Use this table to compare import strategies at a glance:

| Import strategy  | Data types supported                      | Data mutability                     | Amplitude enrichment services       | Column mapping method               | When to use                                                                                                                        | Considerations                                                                                                                   |
| ---------------- | ----------------------------------------- | ----------------------------------- | ----------------------------------- | ----------------------------------- | ---------------------------------------------------------------------------------------------------------------------------------- | -------------------------------------------------------------------------------------------------------------------------------- |
| Full Sync        | User properties, group properties         | N/A                                 | Enrichment services applied         | Custom SQL `SELECT` query           | Use when you need to periodically ingest the entire dataset and can't track changes incrementally.                                 | Not suitable for large datasets because each sync ingests the entire dataset.                                                    |
| Timestamp        | Events, user properties, group properties | N/A                                 | Enrichment services applied         | Custom SQL `SELECT` query           | Use when you can track new data with a monotonically increasing timestamp column.                                                  | Requires a timestamp column that indicates when Snowflake loaded the record.                                                     |
| CDC: Append only | Events                                    | Insert operations only              | Enrichment services applied         | UI-based table and column selection | Use when you want to import data from Snowflake CDC with Amplitude enrichment services.                                            | Requires change tracking in Snowflake.                                                                                           |
| CDC: Mirror sync | Events, user properties, profiles         | Supports insert, update, and delete | Enrichment services **not** applied | UI-based table and column selection | Use when you want to mirror Snowflake data, including updates and deletions, and keep Amplitude aligned with your source of truth. | Disables enrichment services.
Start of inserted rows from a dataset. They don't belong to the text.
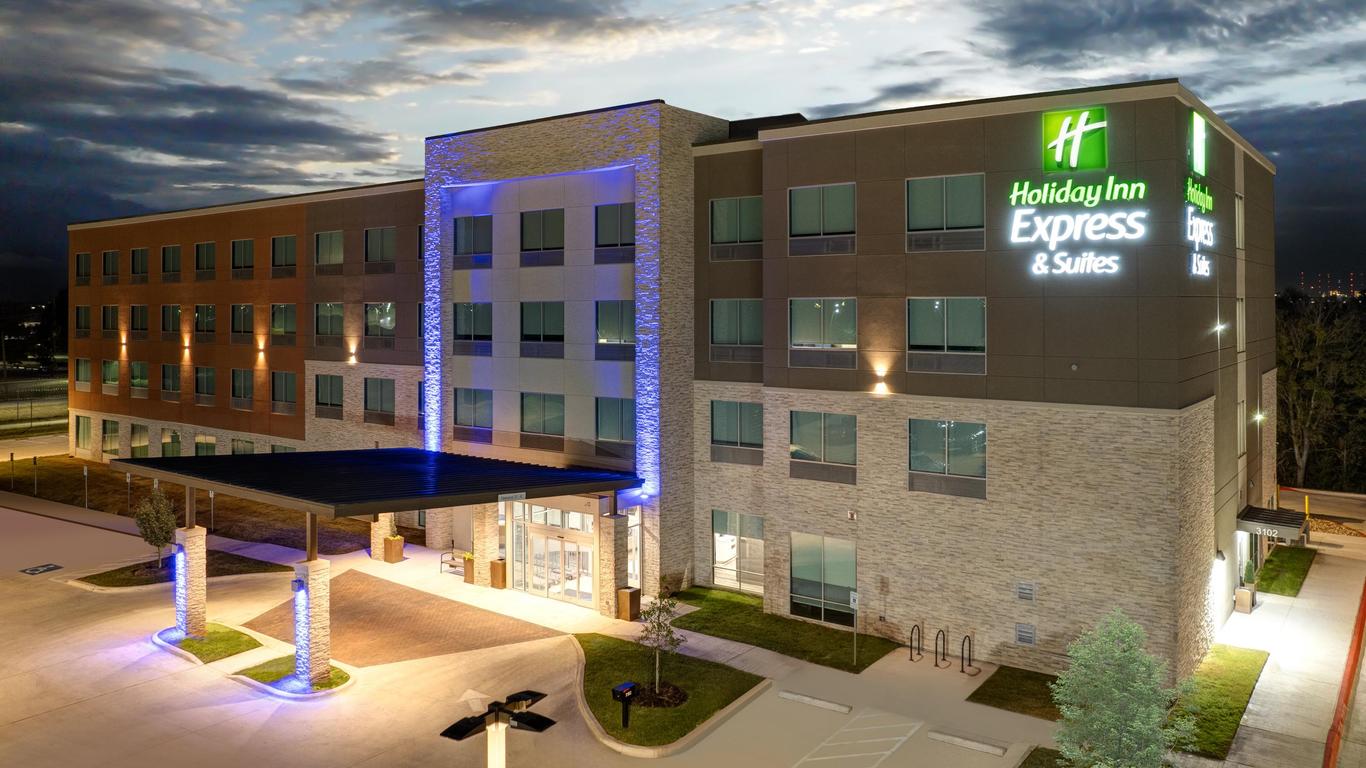 Holiday Inn Express & Suites Austin Airport East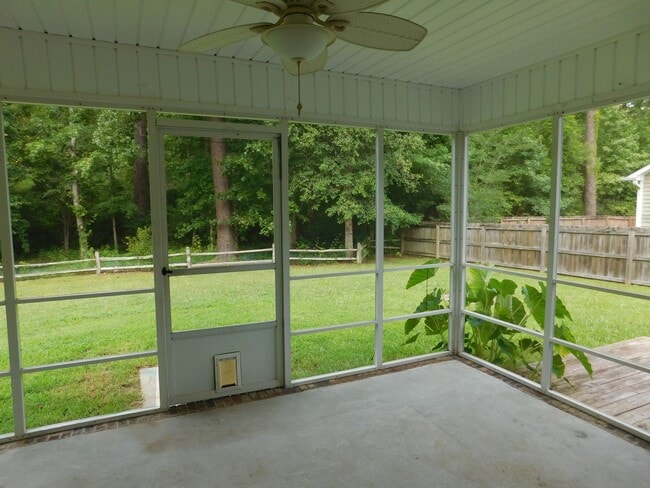 Building Photo - 408 Sweet Gum Way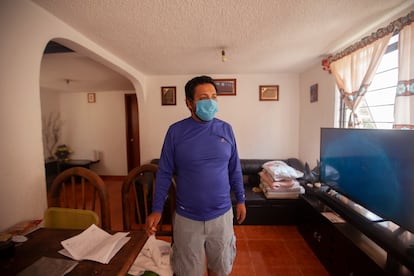Daniel Rodríguez, recuperado de la covid-19 en su casa de México.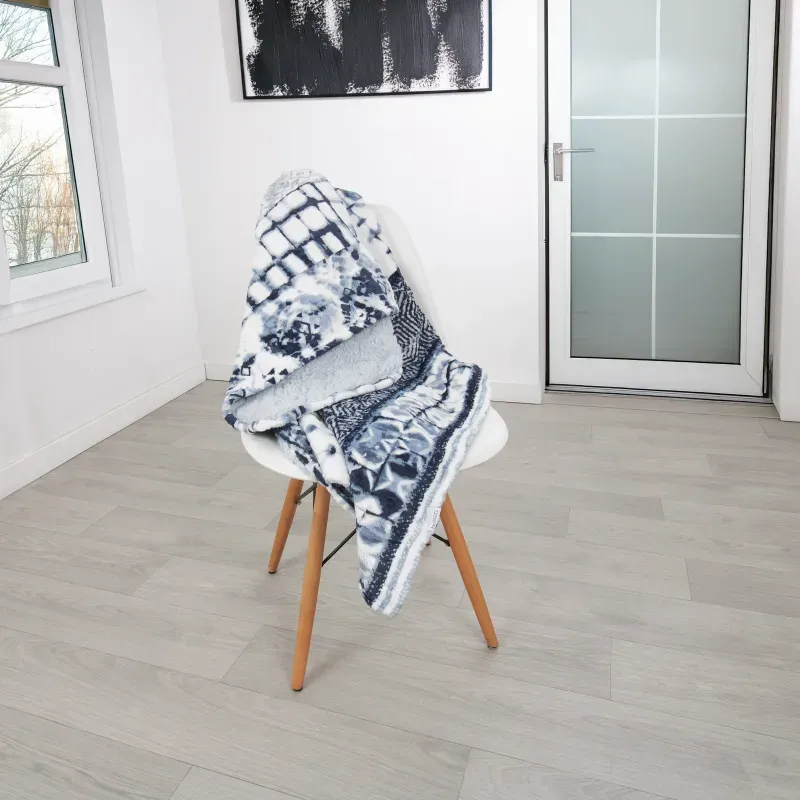 MANTA FLANNEL OVEJERO 120x145 BOKHARAGRIS NIEBLA_7702997703768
Review Snowflake data retention and CDC limitations in this article before you choose this option. |

## Prerequisites and considerations for CDC

{% callout type="note" heading="CDC and event volume" %}
By using CDC, Snowflake sends consolidated row `INSERT`, `UPDATE`, and `DELETE` operations to Amplitude based on your sync frequency. Multiple operations made to an event during the sync window only count as one event against your existing event volume. However, any operation made to an event outside of the sync window counts as an additional event against your existing event volume. This may impact the rate at which you use your existing event volume. Contact sales to purchase additional event volume, if needed.
{% /callout %}

When using Mirror Sync, note the following:

- **Enable Change Tracking**: Enable change tracking for the source table or view. Refer to [Enabling Change Tracking on Views and Underlying Tables](https://docs.snowflake.com/en/user-guide/streams-manage.html#label-enabling-change-tracking-views) in Snowflake's documentation.

- **Data Retention Settings**: `DATA_RETENTION_TIME_IN_DAYS` must be greater than or equal to one, but Amplitude recommends at least seven days. Otherwise, the change-based import fails. For more details, refer to [Time Travel](https://docs.snowflake.com/en/user-guide/data-time-travel) in Snowflake's documentation. Setting `DATA_RETENTION_TIME_IN_DAYS` to `0` disables the change tracking and renders the connection unrecoverable. If this happens, recreate the source.

- **Disable Change Tracking**: If you disable change tracking in Snowflake, or disconnect the Amplitude source for a period longer than the value of `DATA_RETENTION_TIME_IN_DAYS`, Amplitude loses the ability to track historical changes. In this case, recreate the connection. To avoid duplicate events, ensure all events have an `insert_id` set, and recreate the connection within seven days.

- **Unique and Immutable `insert_id`**: Ensure the data to be imported has a unique and immutable `insert_id` for each row to prevent data duplication if there are any unexpected issues. For more about Amplitude deduplication and `insert_id`, refer to [Event Deduplication](/docs/apis/analytics/http-v2/#event-deduplication).

- **Complex SQL Statements**: If a data source is represented as a complex SQL `SELECT` statement (for instance, with a `JOIN` clause), create a `VIEW` in your Snowflake account that wraps the data source to use it with a change-based import strategy. Refer to [Streams on Views](https://docs.snowflake.com/en/user-guide/streams-intro#streams-on-views) for considerations when using CDC with views in Snowflake.

- **Views with JOINs**: While Snowflake CDC is efficient, using views that contain JOINs can have performance implications. Consider syncing joined data as user profiles instead.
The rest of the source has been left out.